Czy naszym stoczniom grozi załamanie produkcji?" - zastanawia się
"Gazeta Wyborcza".
03.01.2005 | aktual.: 03.01.2005 08:23
Jak podaje dziennik, Roman Gałęzewski, szef "Solidarności" w Stoczni Gdańskiej, czuje się bezradny. Oferowane przez zachodnie stocznie warunki są nie do odrzucenia: mieszkanie, kurs języka, 40- 60 zł na godzinę, podwyżka po trzech miesiącach, a po roku na koszt pracodawcy można sprowadzić rodzinę i uzyskać pomoc w znalezieniu dla nich pracy. To kilka razy więcej, niż mogą zarobić u nas - mówi związkowiec. "Już ponad połowa naszych ludzi załatwiła sobie wszystkie papiery i czeka na wyjazd".

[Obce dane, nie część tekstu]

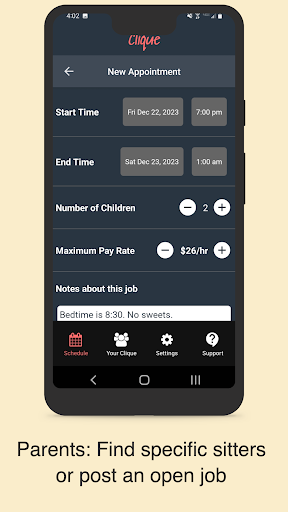 Clique Sitter Screen 3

Zachodnie stocznie poszukują: spawaczy, monterów, konstruktorów, elektryków. Praktycznie każdy wykwalifikowany pracownik z kilkuletnim stażem w zawodzie ma szanse na intratny kontrakt w stoczniach w Irlandii, Anglii, Niemczech czy Skandynawii - informuje "Gazeta Wyborcza".
Jestem załamany. Codziennie na moje biurko trafia kilkanaście podań o zwolnienie. Z zasady odmawiamy, ale co to pomaga? Następnego dnia i tak rzucają pracę - opowiada Bogdan Oleszek, dyrektor administracyjny Stoczni Gdańskiej. W ostatnich miesiącach odeszło kilkuset najlepiej wykwalifikowanych pracowników. Nie wiem, co zrobimy, jeżeli taka tendencja się utrzyma - mówi.

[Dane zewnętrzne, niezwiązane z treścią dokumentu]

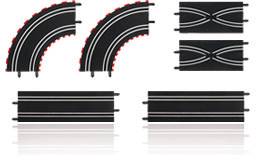 Sechs schwarze Spielzeug-Autorennbahn-Stücke: zwei gerade, zwei Kurven mit rot-weißen Markierungen und zwei Kreuzungen.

Według dziennika, identyczne kłopoty ma Stocznia Gdynia. Jestem w stanie zatrudnić każdą liczbę spawaczy. Organizujemy też kursy, ale nowy, niedoświadczony spawacz nie zastąpi fachowca z kilkuletnim stażem. To zupełnie inna jakość i wydajność - mówi prezes Jerzy Lewandowski. Jego zdaniem odpływ pracowników to zjawisko niebezpieczne dla całej branży: Zastanawialiśmy się nad pozyskiwaniem ludzi zza naszej wschodniej granicy. Niestety, stamtąd posiłków nie będzie. Rosjanie czy Ukraińcy jak już decydują się na pracę za granicą, to wolą jechać na Zachód. Oni też potrafią liczyć - dodaje.
W tym roku tylko przez urzędy pracy spawaczy szukali pracodawcy z kilku innych krajów, m.in. Cypru (praca za blisko 1300 euro miesięcznie) i Czech (11,5 do 22 tys. koron miesięcznie) - podaje "Gazeta Wyborcza".